The optimists pointed to manufacturing, retail sales and employment as signs of a strengthening economy, but what they were really jazzed about were the moves in the bond market where yields on 10-year Treasuries inched higher for 9 days straight. Market-watchers saw that as proof that investors were ditching their risk-free assets (bonds) and moving back into stocks. (which is a sign of confidence) As it turns out, the Pollyannas were too quick to judge.
As of Friday morning, all the major indices were down finishing a 5-day rout that pushed the Dow to within spitting-range of 13,000. News of a slowdown in China, a recession in the eurozone, and deepening deflation in Japan have all weighed heavily on stocks and, once again, raised the prospect of another round of easing by the Fed.
The economy is nowhere near a “self sustaining” recovery. Surging stock prices are not a sign of a stronger economy, but poor monetary policy. In the last 3 years, the Fed has pumped $2.3 trillion in liquidity into the financial system. As a result, stocks have skyrocketed (The Dow Jones and S&P 500 have doubled in that same time period) while the real economy has remained flat on its back. The correlation is obvious.
The real economy is in the tank because households and consumers are still repairing from the housing bust and financial crisis which wiped out much of their home equity and retirement savings. Working people will remain
constrained in their spending until they’re able to whittle their debtload down to a more manageable level. That could take years.
So, it’s not surprising that retail investors have shrugged off the “recovery” hype and avoided the stock market altogether. According to the ICI, Mom and Pop are not just sitting on the sidelines, they’re actually withdrawing their money from equities and sticking into FDIC-insured bank accounts.

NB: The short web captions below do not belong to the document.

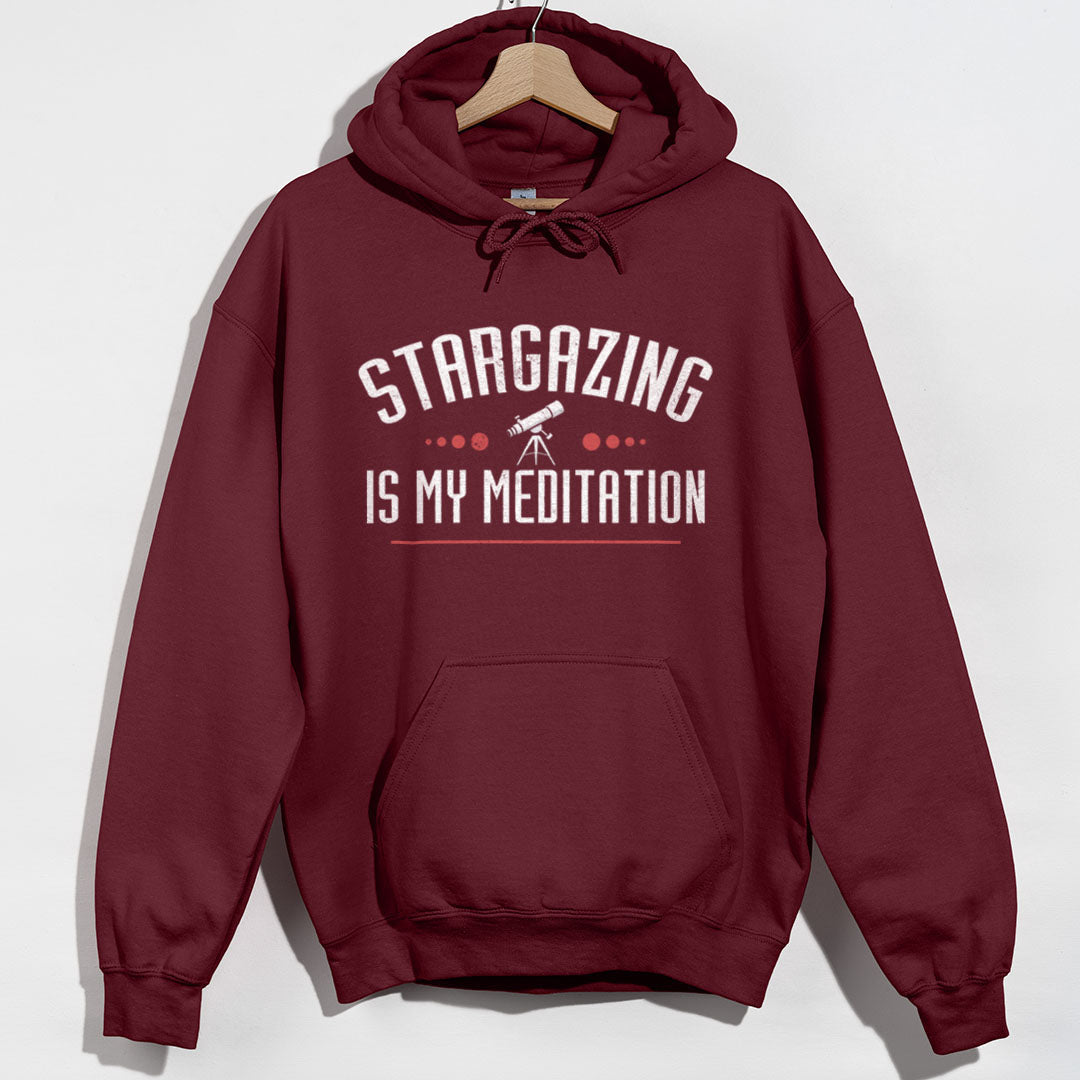 Stargazing Meditation Hoodie - Maroon Hoodie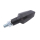 SHIN YO Shield-TS LED Blinker Gehäuse Schwarz / Linse Klar (Paar), Vorn & Hinten   , 1130524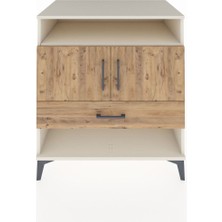 Kronos Şifonyer 3 Raflı Tek Çekmeceli 2 Kapaklı 88X59X96 Aytaşı-Çam
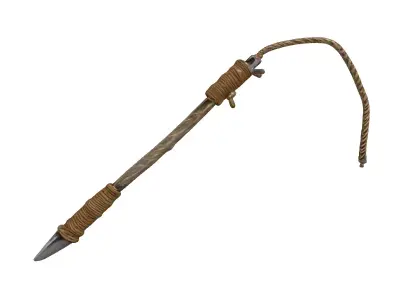 Primitive Harpoon Spear Weapon 3D model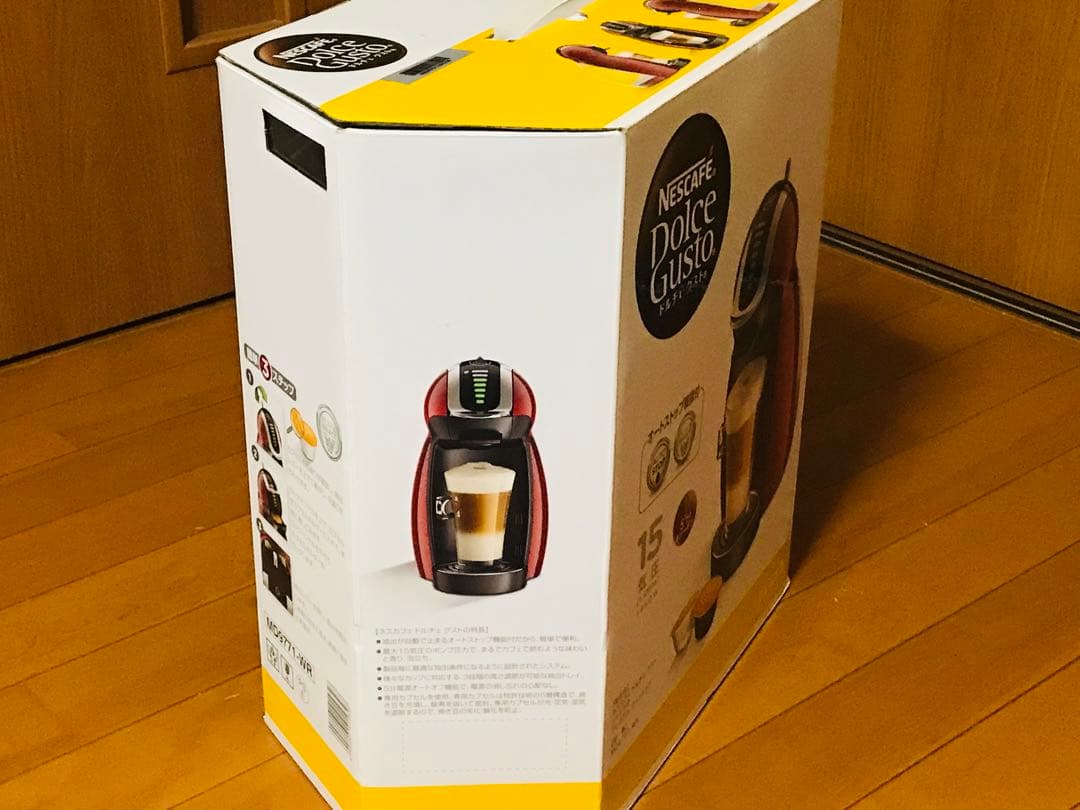 新品　MD9771-WR ネスカフェ ドルチェグスト ジェニオ2 ワインレッド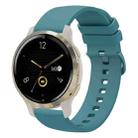 For Garmin Venu 2S 18mm Solid Color Soft Silicone Watch Band(Pine Green) - 1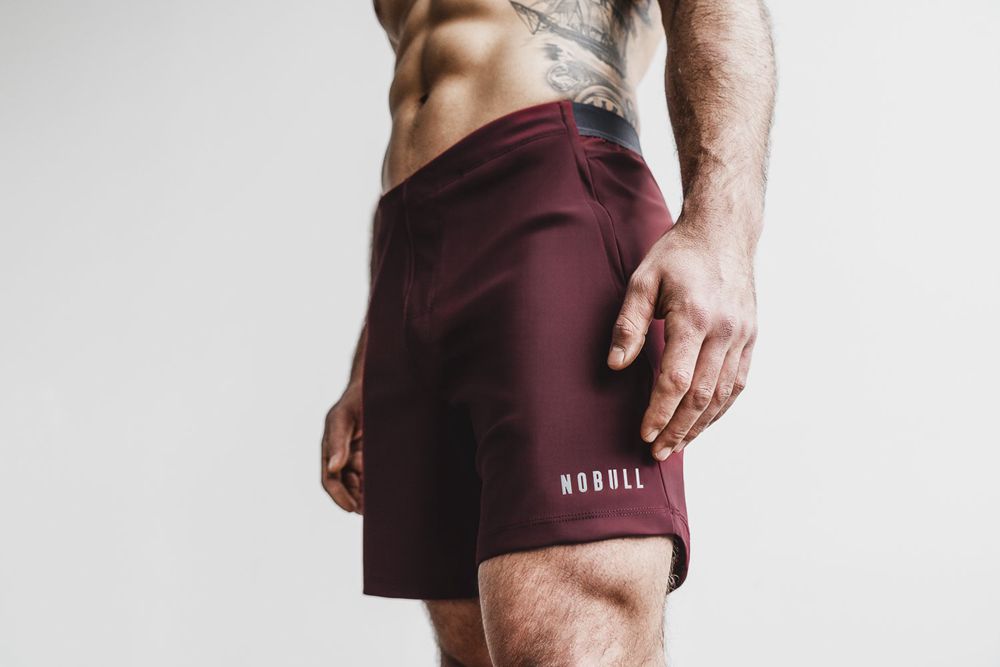 NOBULL Kratke Hlače Muške - Nobull Lightweight 7" Bordo (486709-ZDP)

Here’s a blurb from The Big Picture which explains:
“In the latest week, ICI reported that domestic equity retail funds saw another $2.9 billion outflow, the 4th consecutive in a row, and the 23 of out 27 outflows during the entire parabolic blow off top phase the market has undergone since October…
What does this mean? (It means that) the dumb money either doesn’t have the cash to burn, or just doesn’t want to participate in a rigged, corrupt, centrally-planned market. Whatever the case, the Primary Dealers and the Fed will just have to keep hoping more central banks pull a Bank of Israel and sell the hot grenade axes to them, since Joe Sixpack is done being the “dumb money.” (“The Public Is Still Not Buying Equity Mutual Funds”, The Big Picture)
So, Joe Sixpack–who’s been reduced to a daily 32 oz. fortified Malt Liquor– has not been lured back into the Wall Street sharkpool by promises of easy money and early retirement. He has no interest in getting fleeced for a third time in less than a decade. He’s decided sit this one out.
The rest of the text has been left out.